◆ **Supplied entries**
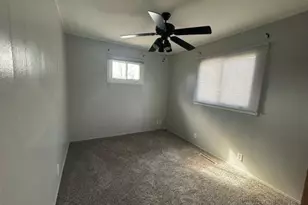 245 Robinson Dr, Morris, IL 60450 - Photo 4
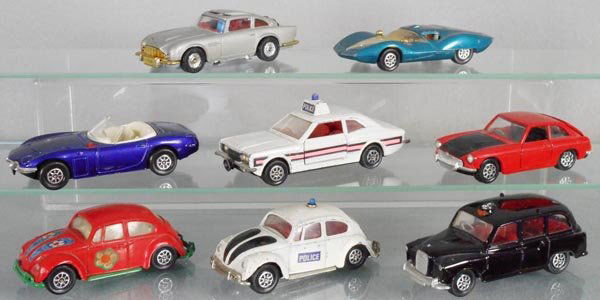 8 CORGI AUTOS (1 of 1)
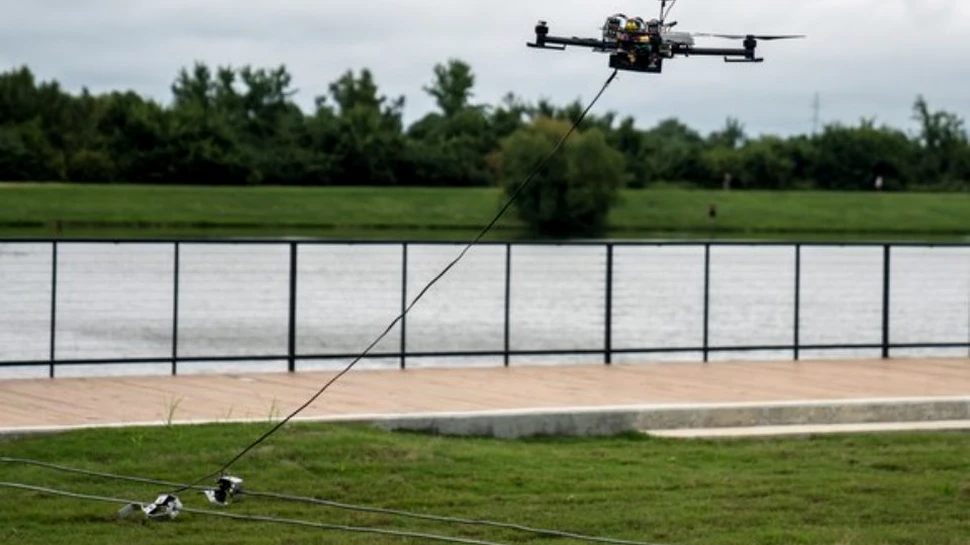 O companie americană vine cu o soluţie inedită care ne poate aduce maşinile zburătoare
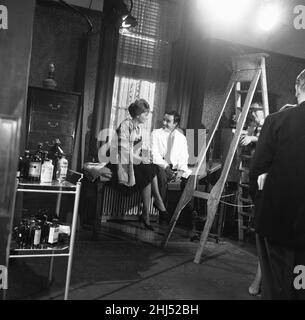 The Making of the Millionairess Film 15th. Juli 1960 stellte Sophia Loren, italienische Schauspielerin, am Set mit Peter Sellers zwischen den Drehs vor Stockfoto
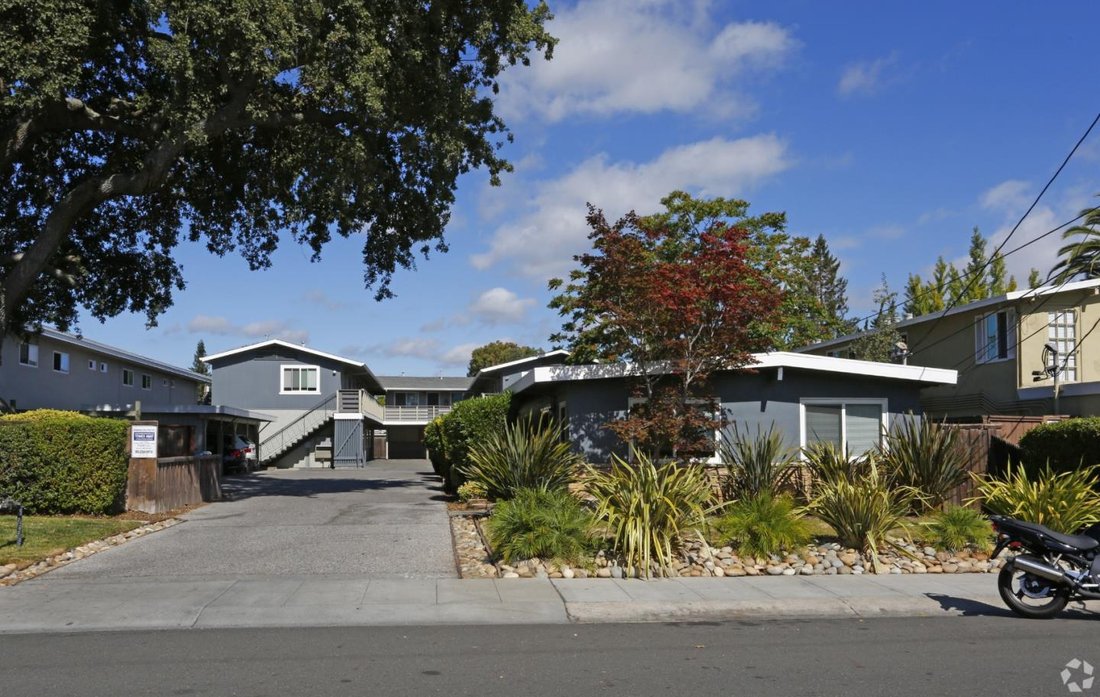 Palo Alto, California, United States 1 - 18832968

◆ **Your assignment**
In the copy, include no pictures; transcribe every record above verbatim.

◆ **Your response**
 245 Robinson Dr, Morris, IL 60450 - Photo 4
 8 CORGI AUTOS (1 of 1)
 O companie americană vine cu o soluţie inedită care ne poate aduce maşinile zburătoare
 The Making of the Millionairess Film 15th. Juli 1960 stellte Sophia Loren, italienische Schauspielerin, am Set mit Peter Sellers zwischen den Drehs vor Stockfoto
 Palo Alto, California, United States 1 - 18832968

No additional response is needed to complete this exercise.